PROBLEM DETAILS:
In the records below, the lines between the one holding "2xLED デイタイムランニングライトデイタイムランニングライトインジケーター DRL" and the one holding "Old Navy Women's", inclusive, are to be transcribed exactly; no pictures are to be included.

INPUT DATA:
-*-

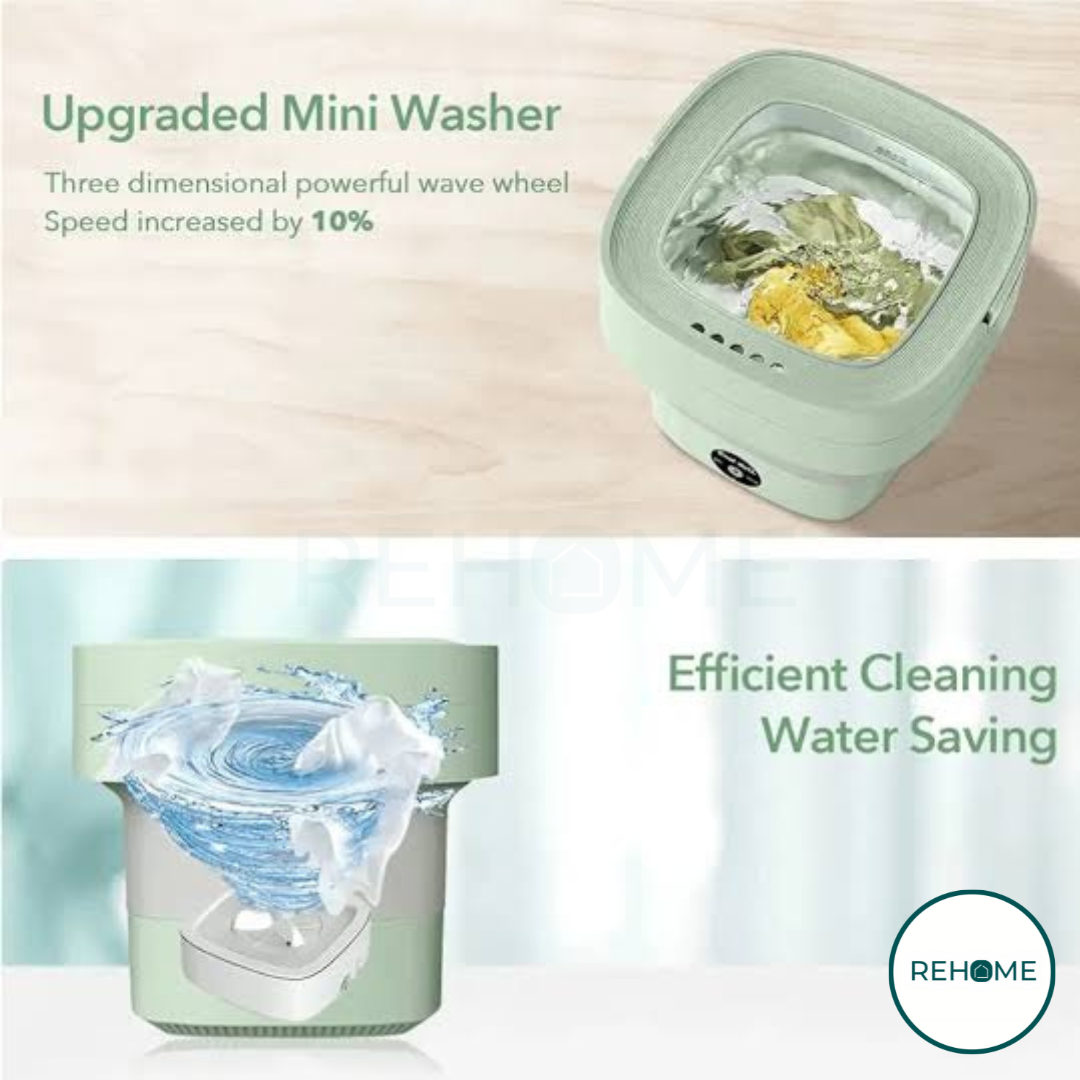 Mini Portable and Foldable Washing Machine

-*-

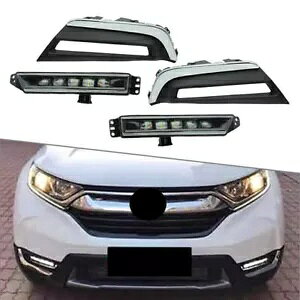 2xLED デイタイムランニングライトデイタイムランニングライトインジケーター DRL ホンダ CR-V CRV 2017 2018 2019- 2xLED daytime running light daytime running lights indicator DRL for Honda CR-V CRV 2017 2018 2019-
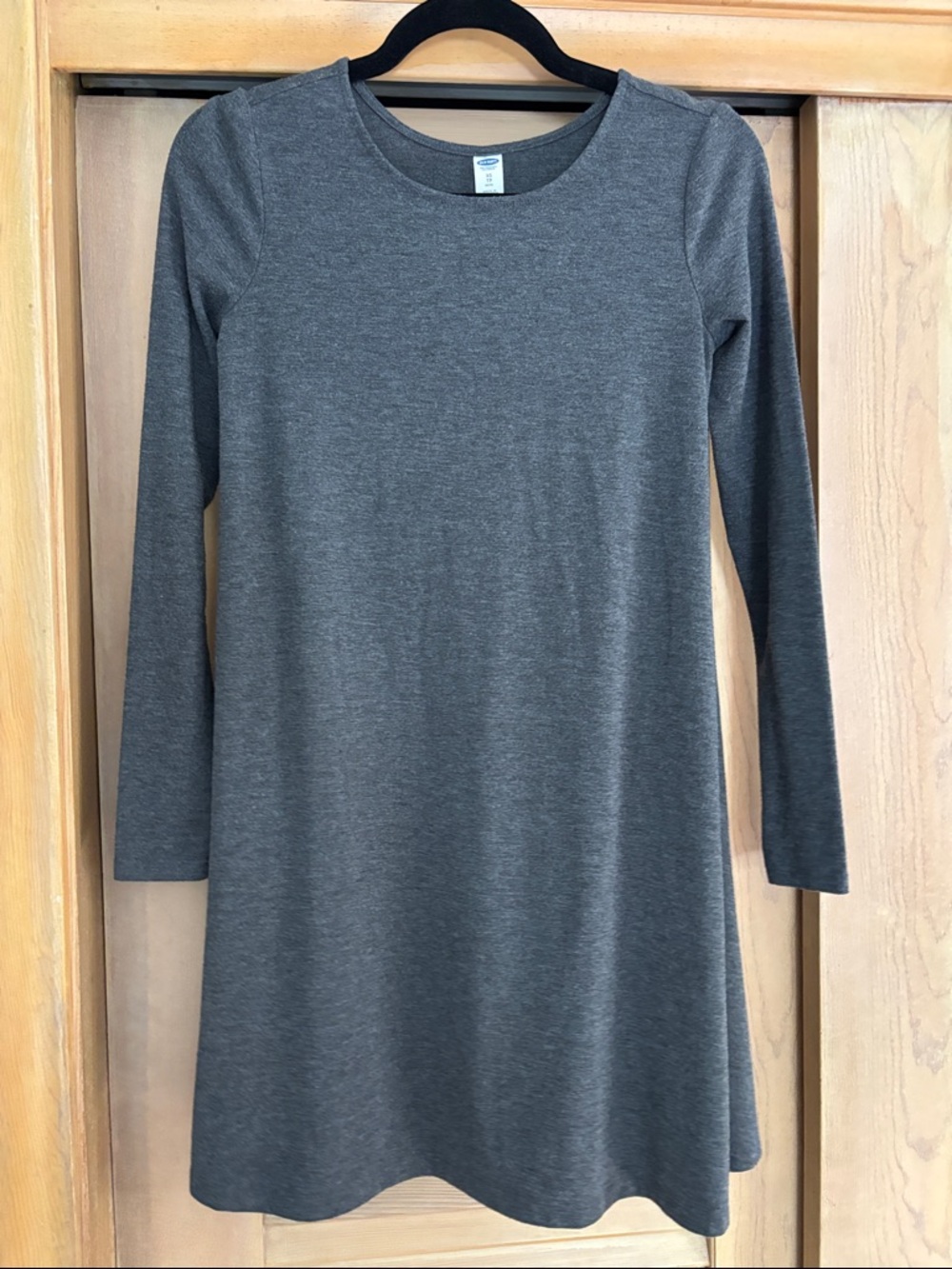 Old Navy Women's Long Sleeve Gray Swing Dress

-*-

OUTPUT BELOW:
 2xLED デイタイムランニングライトデイタイムランニングライトインジケーター DRL ホンダ CR-V CRV 2017 2018 2019- 2xLED daytime running light daytime running lights indicator DRL for Honda CR-V CRV 2017 2018 2019-
 Old Navy Women's Long Sleeve Gray Swing Dress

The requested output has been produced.